Home Care Day 18: Innovations relevant to care at home sector

As part of our #technology hour during #homecareday18, Colin Hastie from Bruach Design and Consultancy assesses the innovations available to assist the care at home sector.


Technology constantly changes all of our lives – from apps on our phones which let us record TV programmes from anywhere, to fridges that can order you more milk when you are running low.  Technological advances are improving all of our lives and making things easier, and the same is true for care at home.

Basic comforts and improvements to someone’s quality of life can be achieved through speech-recognition “home assistant” devices, which allow individuals to control their TV or radio, or phone/ video call friends of family members quicker and more easily than before, and smart-home technology makes it easier for heating and lighting to be controlled or monitored by a carer.

From a safety point of view, perhaps the most important area is sensors, which can be used to passively monitor behaviour or raise an alarm if someone is in distress.  Personal alarms are now commonplace when considering care at home but there is a risk that they are not close-by if something happens, and other sensors or alarms can now easily be installed at low cost to provide additional comfort and reassurance.

Remote monitoring devices can allow friends, family or carers to be informed of unusual behaviour (or lack of behaviour) through simple sensors fitted to socket outlets, and can easily be retro-fitted in existing properties.  For example, a device on the kettle can inform people how often it is boiled, or a shower, to let someone see how often it is used.  The early warning signs of someone not having a shower, or making a cup of tea may be an alert to something having happened, or the early signs that additional support is required.

More advanced sensors can detect movement in a home using infra-red cameras, so an alarm can be raised if someone has not moved from a bed or a chair for an unusual length of time.  Wearable technology can also record someone’s heartrate (many of us wear a fitness wristwatch which does exactly that).

Thanks to better connectivity, information can be shared and an alarm raised in real time, allowing for immediate action if something happens.  As technology continues to advance, using “machine learning” we can also programme computers to “learn” typical behaviour and then by observing sensor results predict if something changes, to inform a carer of a likely event, increasing the possibility of pro-active response rather than re-active, which may already be too late.

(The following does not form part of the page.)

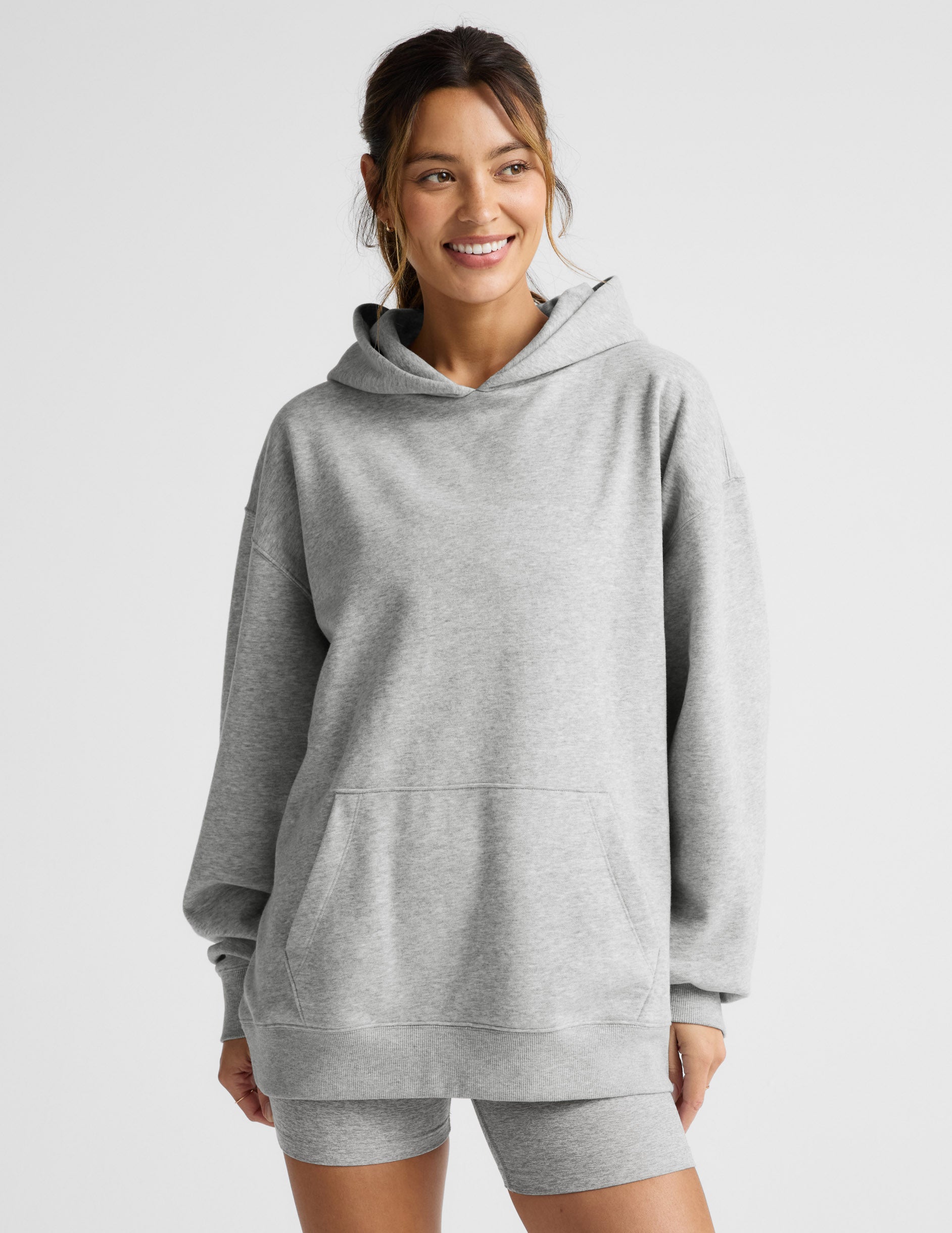 Beyond Yoga LuxeFleece Classic Oversized Hoodie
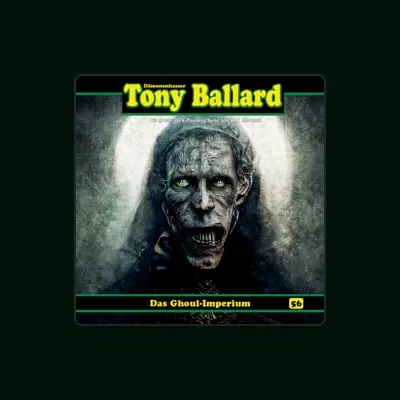 Listen to Tony Ballard, watch music videos, read bio, see tour dates & more!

Of course, adding devices is not a replacement for qualified carers or other medical advice and consultation, but by recording the information and results from a range of sensor systems, OTs and other medical professionals can more easily identify trends or changes in an individual over time.

We are frequently involved in alterations and extensions for individuals who require more suitable homes, and although technology will not solve all of the problems, it can improve someone’s quality of life and provide reassurance and comfort for friends and family.